> _Exercise goal_: Look below for the line holding "Paleta de Sombras" and the line holding "Príncipe William e". Transcribe exactly those lines and all lines between them, nothing more.

> _Information provided_:

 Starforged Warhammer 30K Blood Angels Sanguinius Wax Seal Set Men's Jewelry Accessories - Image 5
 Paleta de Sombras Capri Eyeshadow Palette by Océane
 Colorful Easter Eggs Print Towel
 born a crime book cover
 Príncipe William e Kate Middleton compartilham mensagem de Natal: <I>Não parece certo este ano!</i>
...
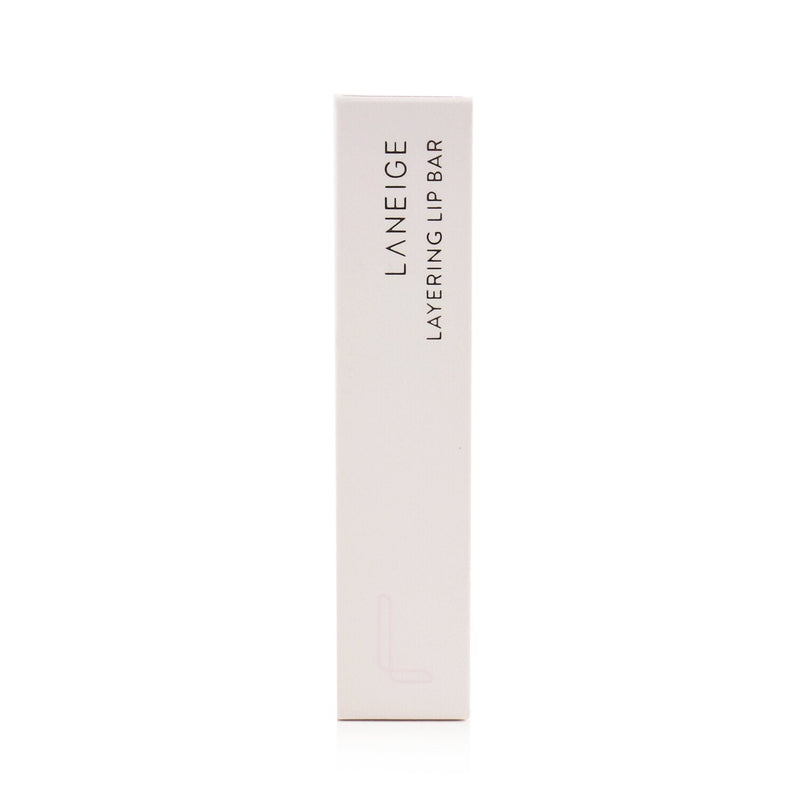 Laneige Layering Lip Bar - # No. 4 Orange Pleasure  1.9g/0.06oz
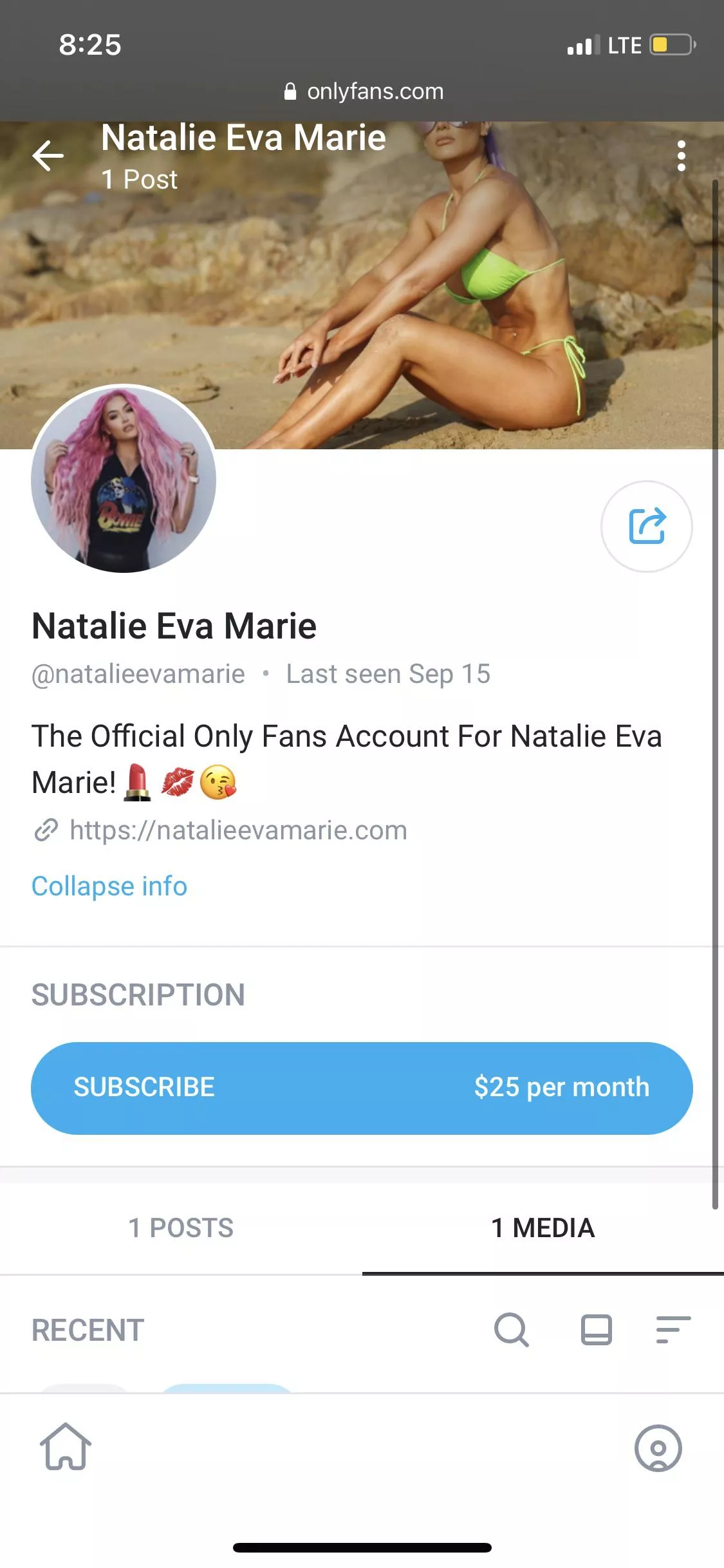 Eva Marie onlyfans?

> _Written response_:
 Paleta de Sombras Capri Eyeshadow Palette by Océane
 Colorful Easter Eggs Print Towel
 born a crime book cover
 Príncipe William e Kate Middleton compartilham mensagem de Natal: <I>Não parece certo este ano!</i>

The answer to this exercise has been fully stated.